EN la posada del «Pato Negro» se estaba estupendamente. Todo era allí claro y alegre, y la comida era buenísima, las camas blandas, había un jardín lleno de flores y un bosque cerca de la casa. La hermosa Ángela, que había pasado unos años tan tristes, pensó que se quedaría con gusto en aquella casa antigua y tan agradable. Míster Stopps también hubiera querido quedarse algún tiempo allí, pero Floricel, Bob y Kásperle dijeron que estaban deseando entrar en Suiza; en el fondo tenían miedo de que les encontraran el señor Diente de León, el viejo y la tía. Valía más seguir el viaje en seguida.
—Cuando estemos en Suiza, no nos podrán hacer nada —dijo Floricel.
Míster Stopps encontraba toda aquella historia un poco complicada, pero no dijo nada y al día siguiente siguieron hacia la frontera. ¡Tarará! El cochero tocó su trompeta, y Kásperle sacó la narizota por la ventanilla y miró hacia fuera. ¿Dónde estaban las montañas de nata? No estaban por ninguna parte; no había más que niebla, y después de la niebla llegó la lluvia. Oyeron el ruido de una cascada y Floricel dijo que era el Salto del Rhin, pero no vieron nada. Luego, llegaron a Zürich, y también había agua por todas partes, y Kásperle no vio el lago.

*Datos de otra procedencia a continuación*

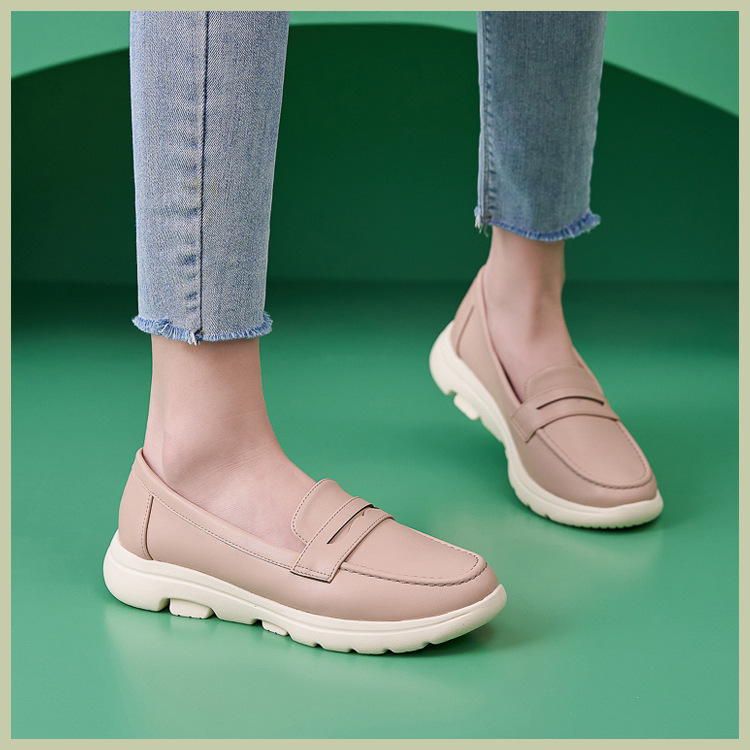 B888-12025 Spring Winter New Large Size Casual Fashion Non-Slip Soft Sole Mom Shoes For Women_voghion.com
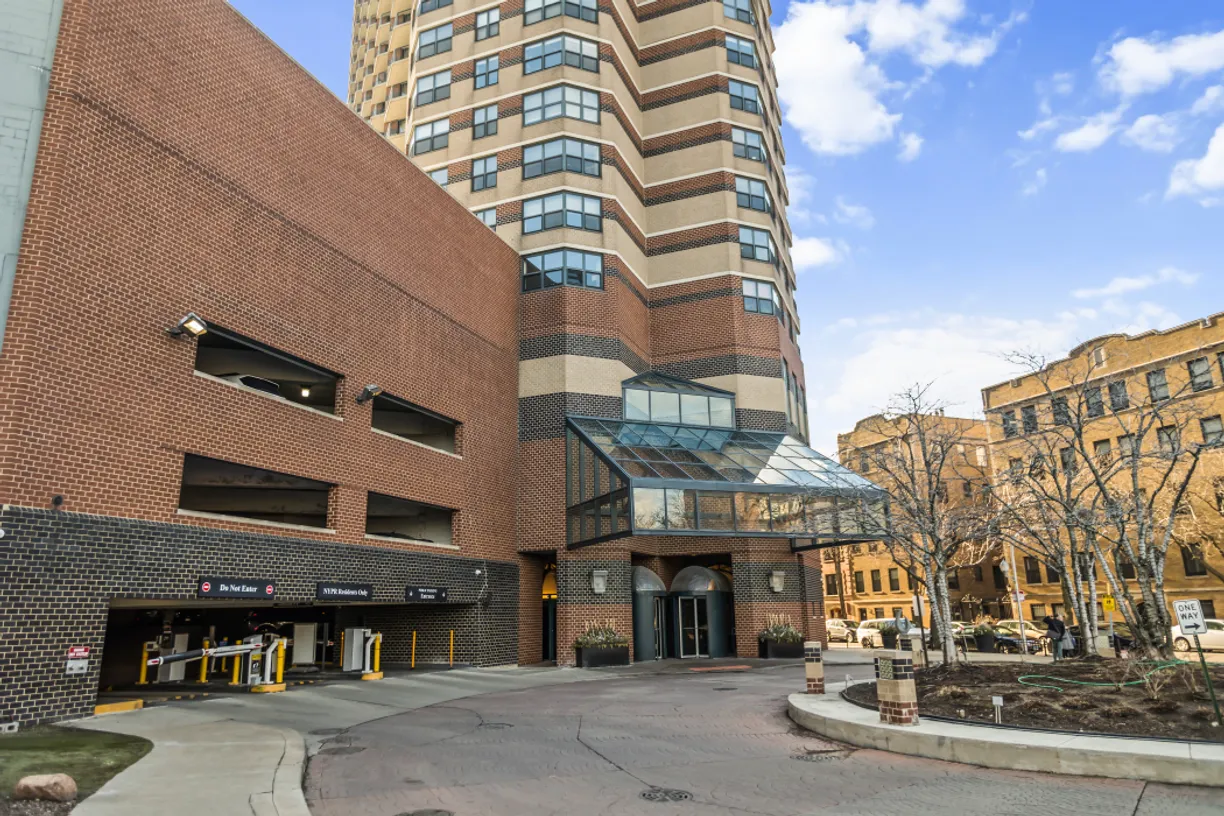 Chicago Real Estate | View 3660 N Lake Shore Drive, 2712 | 1 Bath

—Yo creo que pronto dejará de llover —dijo Floricel; pero seguía lloviendo, y el coche rodaba en medio de la lluvia y llegó a la ciudad de Lucerna, que sin lluvia es muy bonita y tiene también un lago. Y seguían cayendo chaparrones, chubascos, lluvia y lluvia sin parar.

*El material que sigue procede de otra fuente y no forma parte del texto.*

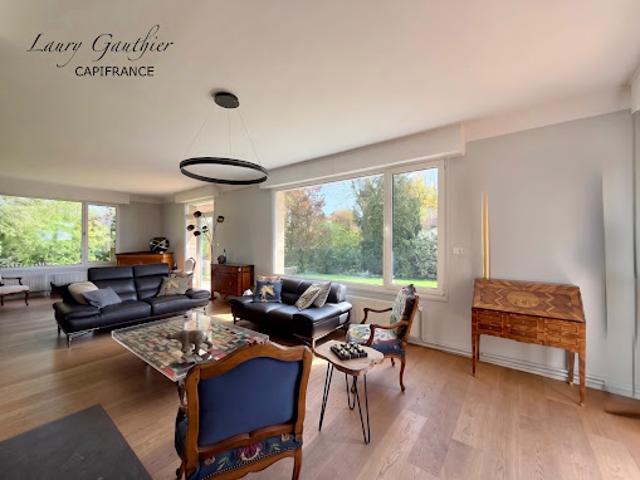 Vente Maison 8 pièces 208 m2 La Chapelle d'Armentières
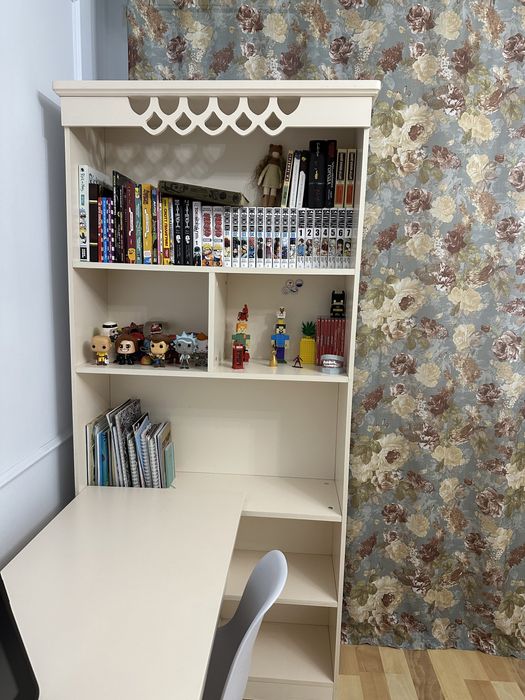 Спальный гарнитур с рабочей зоной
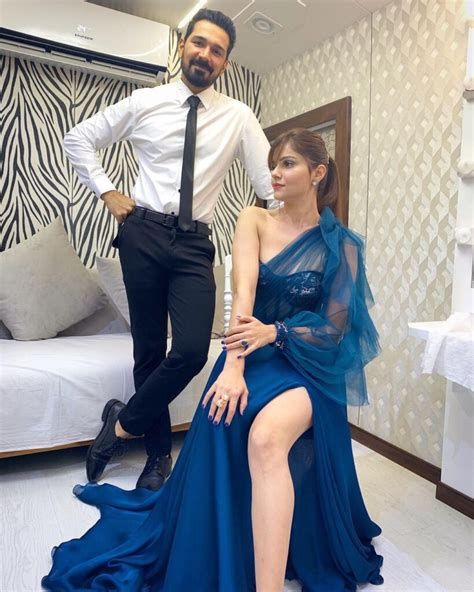'bigg boss' fame sofia hayat not too long ago bought abused by a social media troll who accused her of having a sexual relationship with abhinav shukla and. Abhinav Shukla Biography, Profession, Age, Wife, Height ...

El lago de Brien estaba cubierto de un manto de niebla, y cuando llegaron a Interlaken parecía que estaban en una isla; no había más que agua a su alrededor, y todo parecía gris y además hacía frío. Míster Stopps tiritaba, y Kásperle tiritaba mucho más, pero lo hacía a propósito.

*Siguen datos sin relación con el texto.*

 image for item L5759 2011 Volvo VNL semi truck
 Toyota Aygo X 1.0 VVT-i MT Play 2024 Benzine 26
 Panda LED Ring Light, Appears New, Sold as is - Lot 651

Entraron en un hotel y Bob mandó encender las chimeneas de las habitaciones.
—¡Oh, sí, fuego, fuego! —dijo míster Stopps.
—¡Sí, que enciendan, por favor! —dijo la pobrecita Ángela, que estaba casi azul del frío.
—Mañana va a hacer buen tiempo, ya verán ustedes —dijo Floricel.
—Siempre estás diciendo eso —gruñó Kásperle—, siempre dices que mañana, pero todavía no he visto la nata.
—Ten paciencia, que comerás toda la nata que quieras, ya verás. Mañana tendrás delante de las narices una montaña llena de nata.
Míster Stopps se sonrió y advirtió a Kásperle:
—¡No comas demasiada nata, que te puedes poner enfermo!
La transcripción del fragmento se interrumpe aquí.